[Dataset excerpts]
_ _ _ _
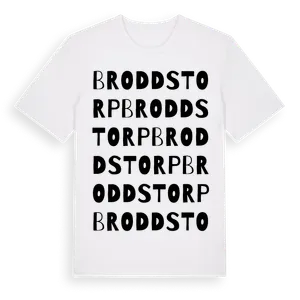 Broddstorp ordlek t-shirt – ekologisk bomull t-shirt från Pinshirt
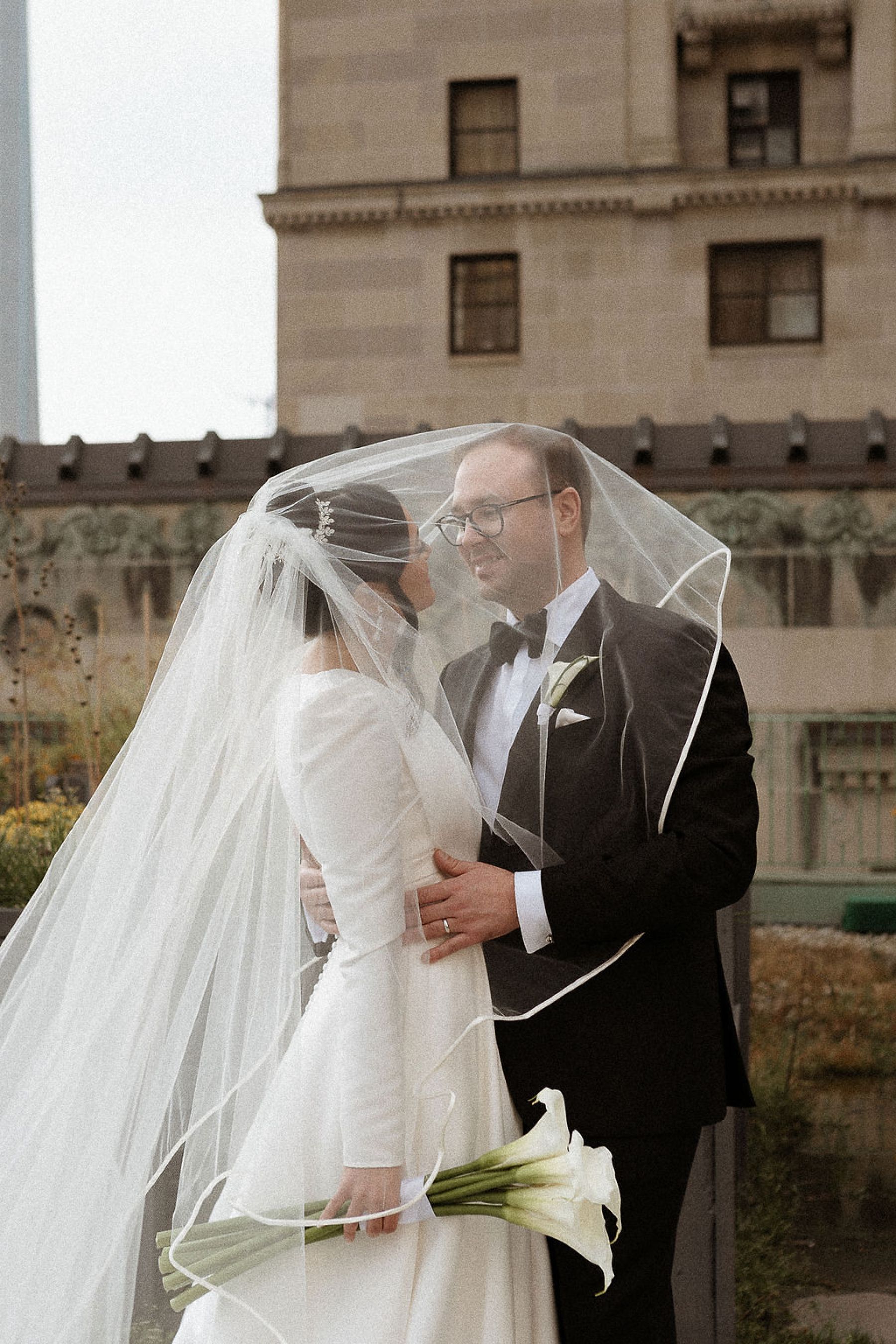 Candlelight, Calla Lilies, and Classic Charm: Nicolette and Victor's Exquisite Nuptials at the Fairmont Royal York Hotel photo
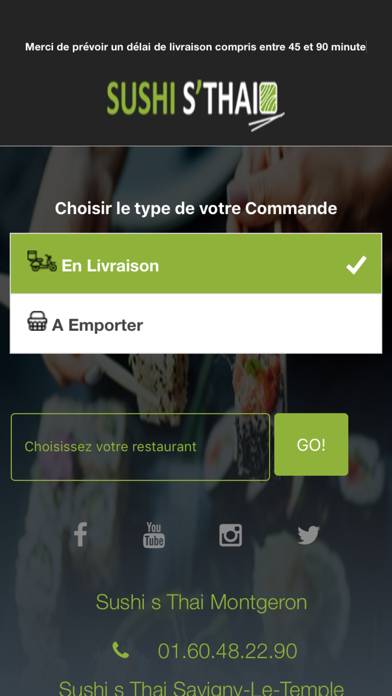 Screenshot #1 pour SUSHI S THAI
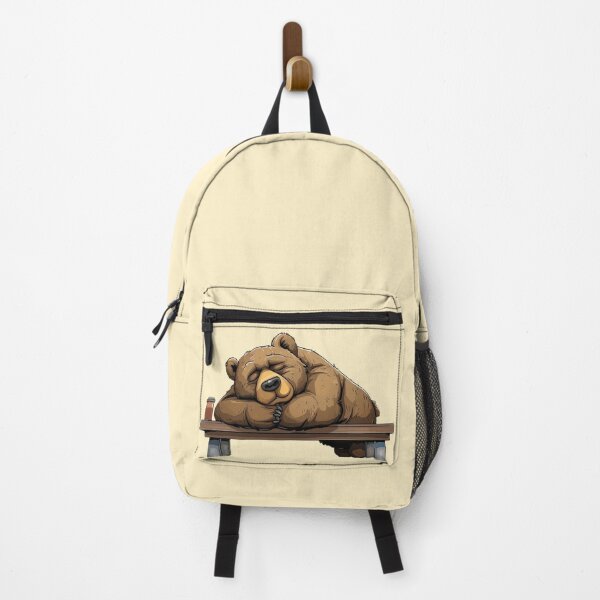 Item preview, Sleepy Bear Struggling with Morning Coffee designed and sold by Artcurrents.
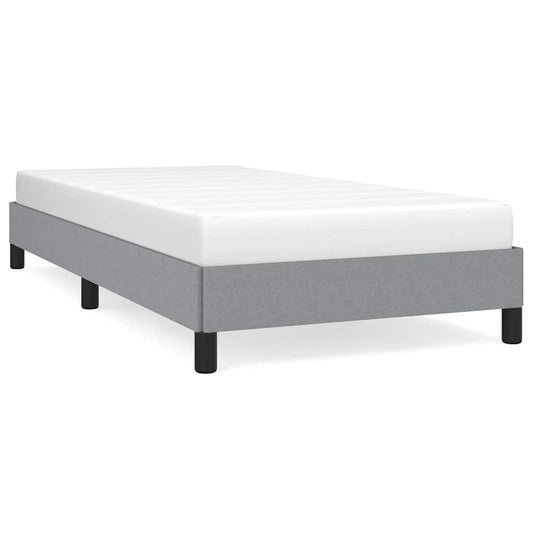 Bed Frame without Mattress Light Grey 100x203 cm Twin XL Fabric Bed Frame without Mattress Light Grey 100x203 cm Twin XL Fabric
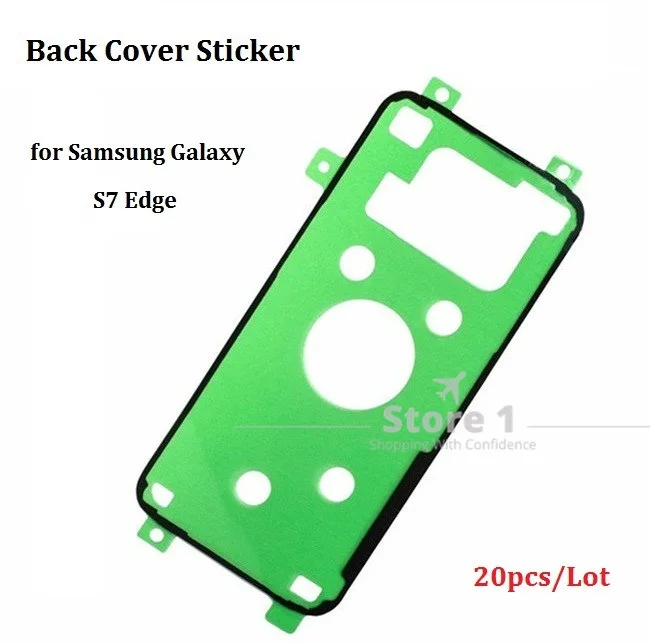 Bepskinlun 20 шт./лот клейкая лента на заднюю крышку батарейного отсека для Samsung Galaxy S7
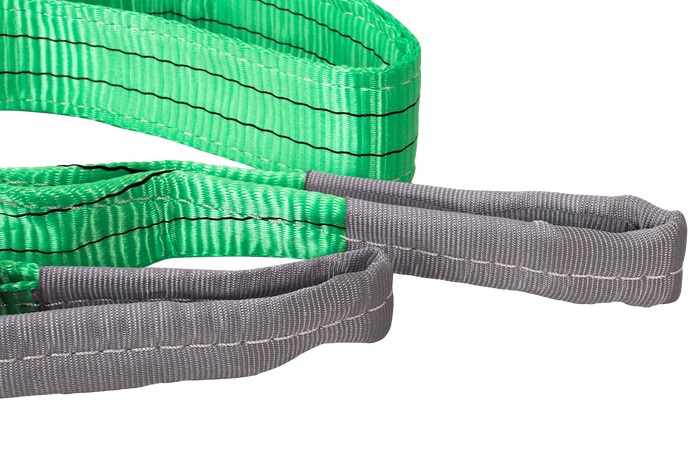 Élingue, sangle de levage HEFFA 2 m/60 mm/2 t avec boucles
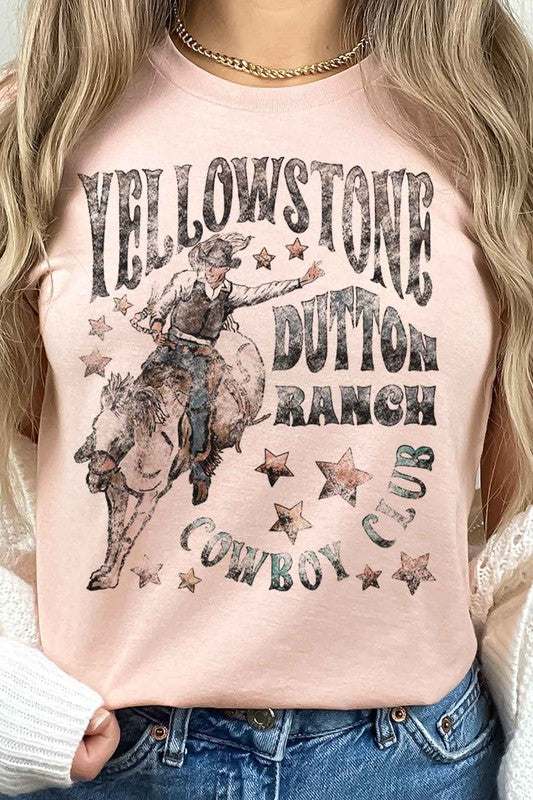 YELLOWSTONE DUTTON RANCH GRAPHIC TEE / T-SHIRT - lolaluxeshop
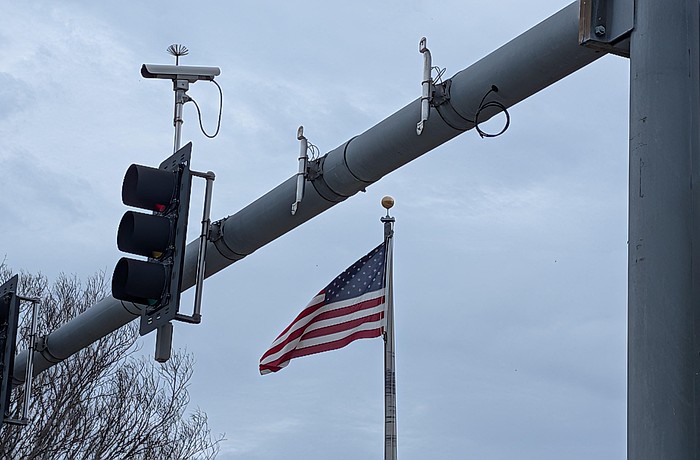 Florida Department of Transportation crews had removed the Gulf of Mexico Drive sign from the intersection at Bay Isles Parkway.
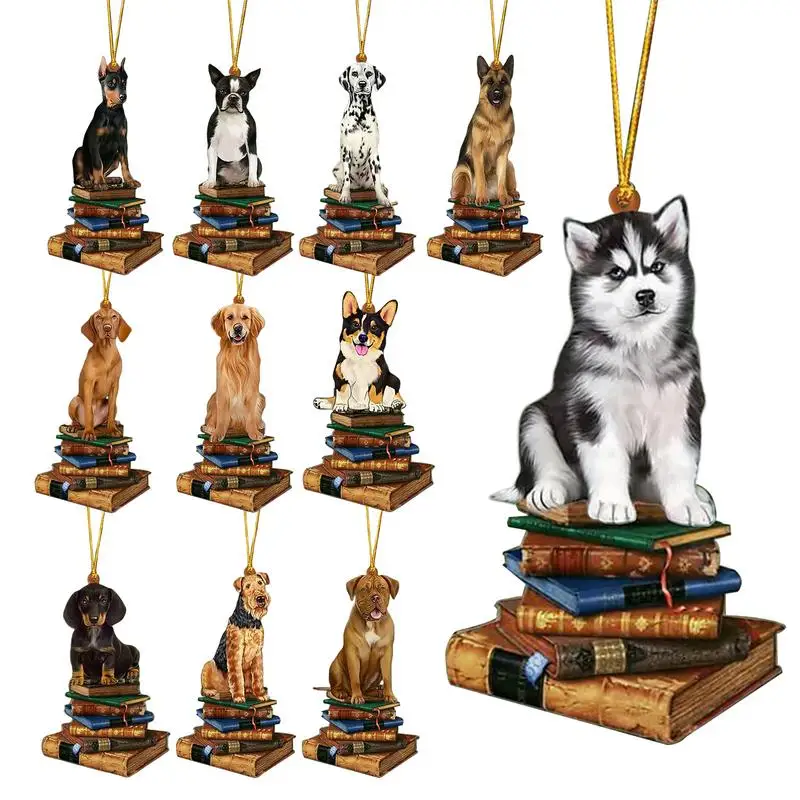 Рождественский кулон для собаки 11X декоративный орнамент Акриловый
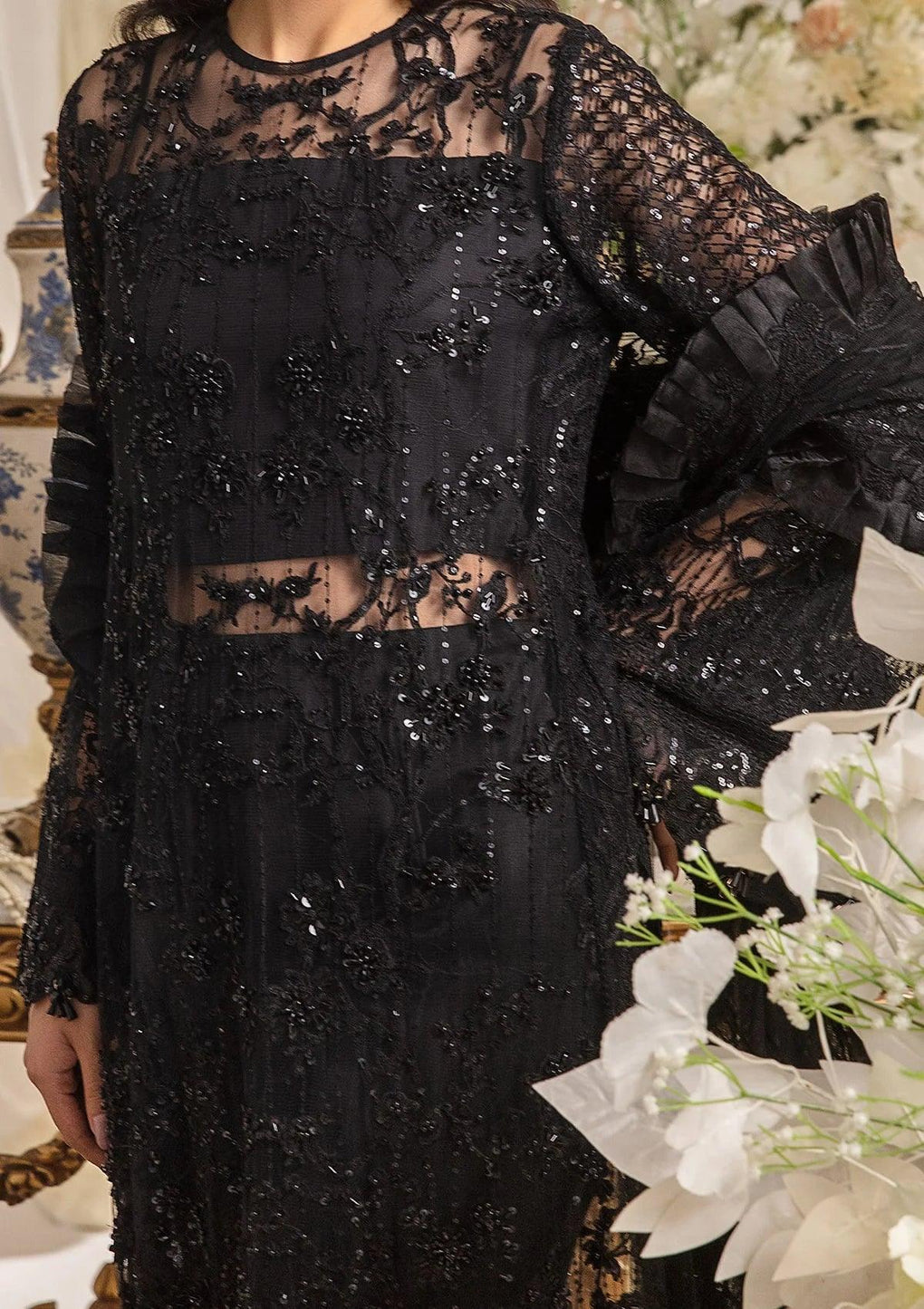 Elaf Premium | Evara Formals 24 | EFE-05 MAJESTY by Elaf Premium - Designer Dress - Type: The Formal Exhibit - Available at Libayah - 100% Original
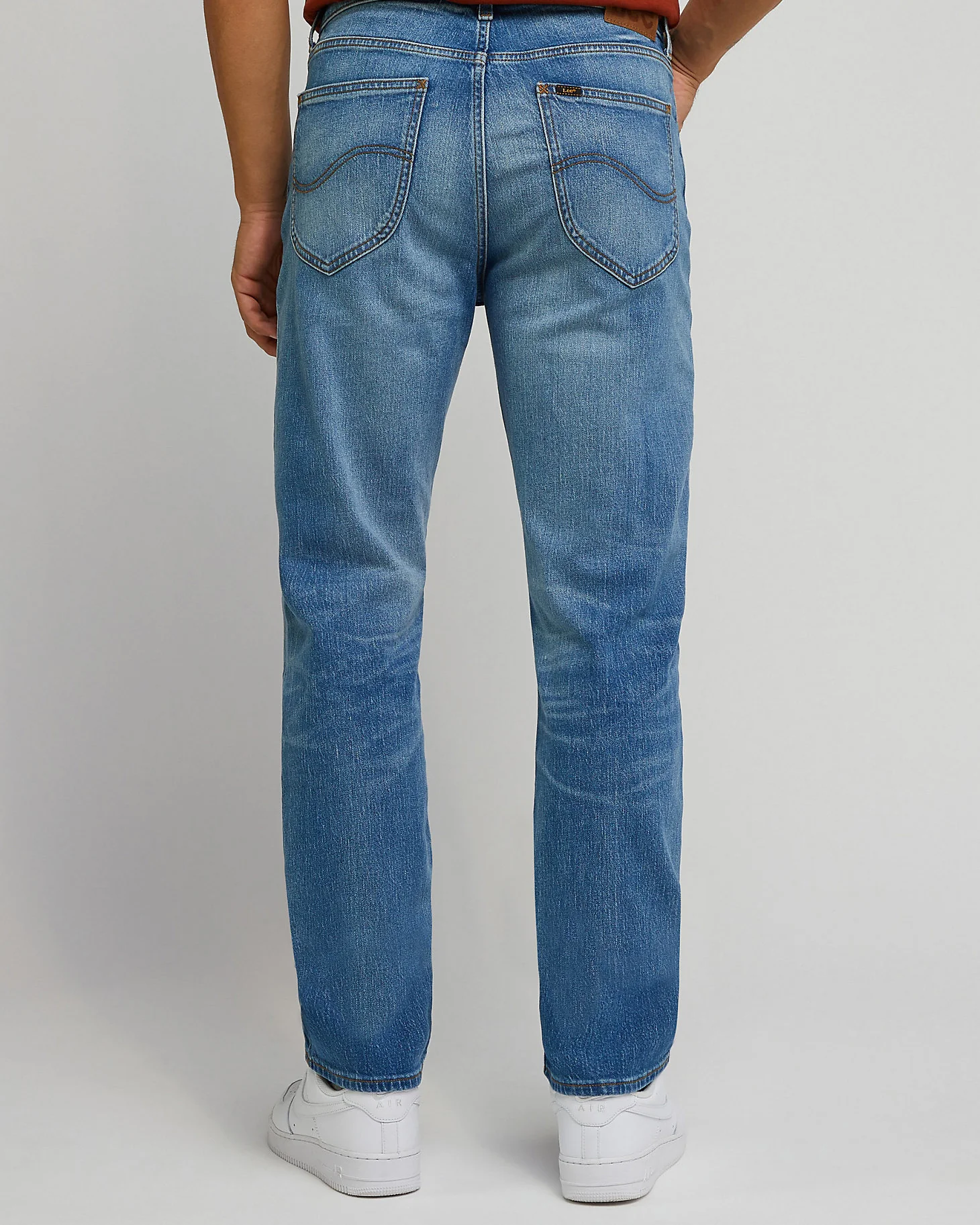 Lee West Relaxed Straight Mens Jeans - Vintage Wear - Image 3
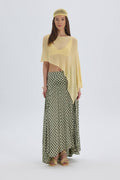Asymmetrical Lightweight Knit Pashmina – Yellow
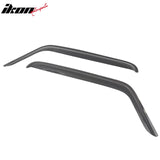 2007–2018 Jeep Wrangler JK 2DR 3D Molded Floor Mat Carpet TPE + Window Visors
_ _ _ _
# [Task to carry out]
With pictures left out, repeat exactly the lines from the line bearing "Рождественский кулон для" through the final line of the records above.

# [Result below]
 Рождественский кулон для собаки 11X декоративный орнамент Акриловый
 Elaf Premium | Evara Formals 24 | EFE-05 MAJESTY by Elaf Premium - Designer Dress - Type: The Formal Exhibit - Available at Libayah - 100% Original
 Lee West Relaxed Straight Mens Jeans - Vintage Wear - Image 3
Asymmetrical Lightweight Knit Pashmina – Yellow
 2007–2018 Jeep Wrangler JK 2DR 3D Molded Floor Mat Carpet TPE + Window Visors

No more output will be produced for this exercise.